Noi che ci prendiamo cura

Dopo le parole di sabato sera del Presidente Conte, che ha chiuso tutti i settori non indispensabili, abbiamo sentito l’esigenza di scrivere e condividere i nostri pensieri, perché tra le categorie di persone a cui è stato, giustamente, dedicato un pensiero particolare, ne mancano alcune che appartengono a vario titolo all’universo di coloro che si prendono “cura” degli altri.

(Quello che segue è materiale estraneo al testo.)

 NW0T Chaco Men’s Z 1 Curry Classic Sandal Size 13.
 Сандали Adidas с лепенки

Non ci sono gli operatori del sociale, professionisti o volontari che siano, non ci sono le educatrici delle case famiglie, come la nostra, che accolgono nuclei mamma-bambino. Strutture residenziali dove le dinamiche quotidiane sono state reinventate sulla base della nuova prossemica imposta per la nostra sicurezza, sullo sforzo di mantenere la distanza minima di un metro, che spesso si accorcia.

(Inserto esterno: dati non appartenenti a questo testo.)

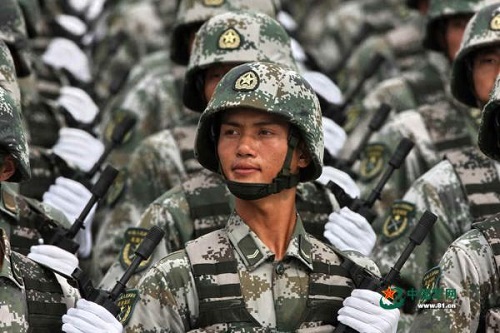 给印度媒体讲讲解放军：中国步兵之王的故事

Come professionisti del sociale abbiamo molto forte l’idea, che in questo momento solo se siamo uniti possiamo superare questa fase e preparaci al dopo. Siamo abituati a farlo lavorando in equipe, così come siamo abituati a pensare in una prospettiva diacronica, fare il meglio che possiamo oggi, nel qui ed ora, per affrontare la crisi attuale e gettare le basi per costruire un futuro nuovo, che non ci trovi impreparati. Prenderci cura dell’oggi e contemporaneamente del domani.

Uscirne cambiati

Edgar Morin, nel suo ultimo scritto, chiede: a quali figli lasceremo il nostro pianeta? Il senso di questa domanda è profondissimo e quanto mai attuale, il compito nostro è quello di educare dei figli che abbiano forte il senso di empatia, siano attenti al confronto, alla comprensione e alla resilienza, interpretino il prendersi cura come gesto profondamente rivoluzionario, perché siamo tutti umani e da questo pezzo di storia, che sta toccando ognuno di noi dobbiamo uscirne radicalmente cambiati.

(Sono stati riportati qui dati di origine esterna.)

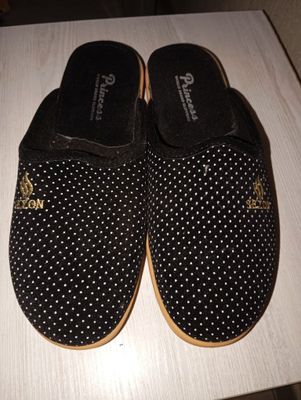 Продается женские тапочки tapochka ayollarniki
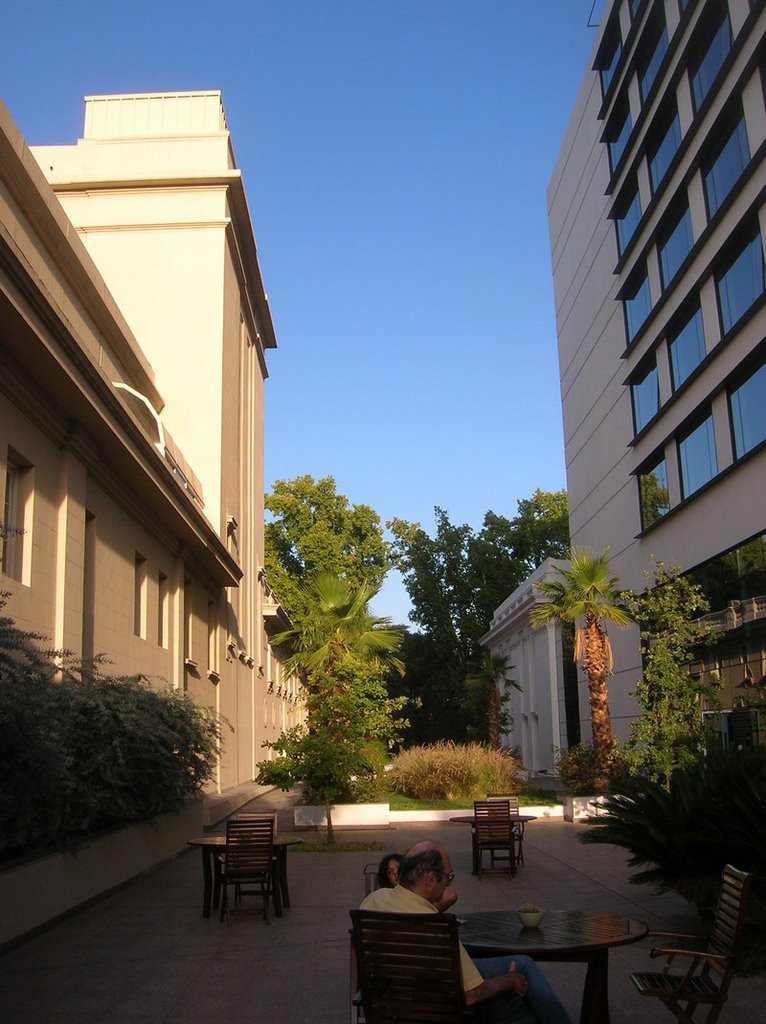 Patio del hotel Hyatt / Lautaro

Uscirne cambiati significa anche riconoscere, prima che una qualsiasi calamità arrivi, che 800 persone non possono più vivere dentro un recinto fatto di container con nessun accesso diretto all’acqua potabile, che 40.000 persone non possono vivere per strada e poi essere multate perché non hanno una fissa dimora, che la pari dignità sociale esiste e la Repubblica italiana ha il dovere, scritto, enunciato e più volte ricordato, di rimuovere gli ostacoli che ne limitano il suo esercizio.

Ci appelliamo al senso di umanità che noi tocchiamo con mano quotidianamente e chiediamo a tutti di ricordarsi che oggi più che mai è necessario restare umani. Simone Weil dice che «Ogni volta che facciamo veramente attenzione, distruggiamo una parte di male che è in noi stessi».

Emme vive in una baracca con sei persone, tra cui due fratellini di 3 e 8 anni. Oggi ha chiamato chiedendoci se stessimo bene.
Questo chiediamo oggi a voi, quando la quarantena sarà finita, voi vi chiederete come sta Emme?

Gli operatori dell’Arpjtetto onlus

 

 

 

 

 

 

L’Arpjtetto Onlus è un’organizzazione di volontariato che dal 1953 opera a Roma nel quartiere Ostiense per garantire a donne, minori e giovani in condizioni di disagio l’opportunità di diventare protagonisti responsabili del proprio futuro, all’interno della propria comunità.
Il Centro Diurno “Gli Scatenati”, è un progetto dove minori segnalati dall’autorità giudiziaria o destinatari di provvedimenti emessi dal Tribunale dei Minori svolgono attività educative, didattiche, laboratoriali e ludiche come misura alternativa al carcere.